◆ **Data provided**
——————————
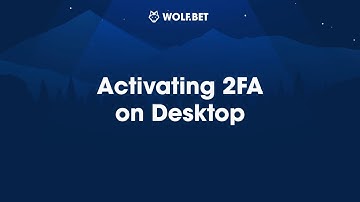 How to activate 2FA on desktop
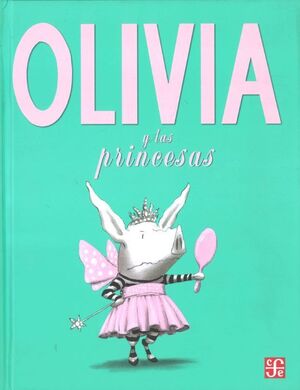 Portada del libro OLIVIA Y LAS PRINCESAS - Compralo en Aristotelez.com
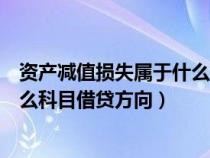 资产减值损失属于什么科目借贷方向(资产减值损失属于什么科目借贷方向) 资产减值损失属于什么科目借贷方向(资产减值损失属于什么科目借贷方向)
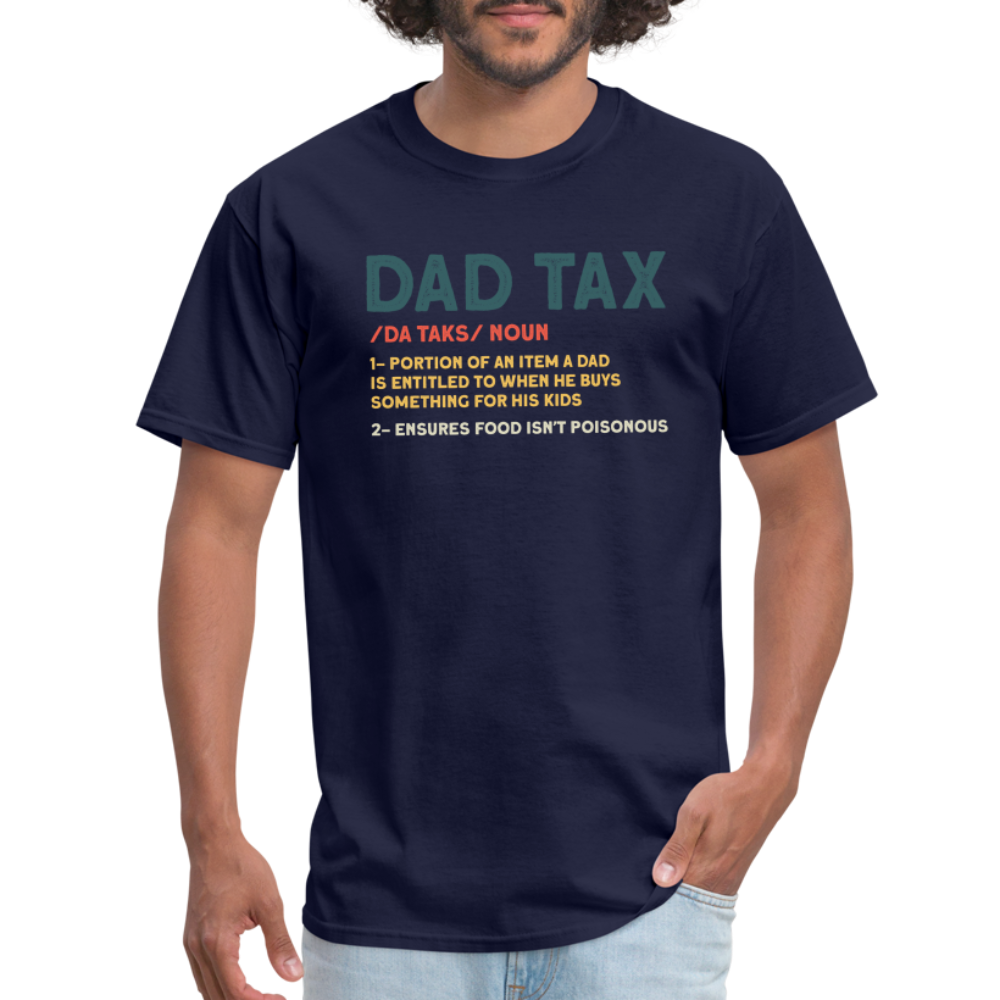 Dad Tax Definition T-Shirt (Da Taks / Noun) - navy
——————————
◆ **Task brief**
Return the full listing exactly as written, without any of its images.

◆ **Exercise solution**
 How to activate 2FA on desktop
 Portada del libro OLIVIA Y LAS PRINCESAS - Compralo en Aristotelez.com
 资产减值损失属于什么科目借贷方向(资产减值损失属于什么科目借贷方向) 资产减值损失属于什么科目借贷方向(资产减值损失属于什么科目借贷方向)
 Dad Tax Definition T-Shirt (Da Taks / Noun) - navy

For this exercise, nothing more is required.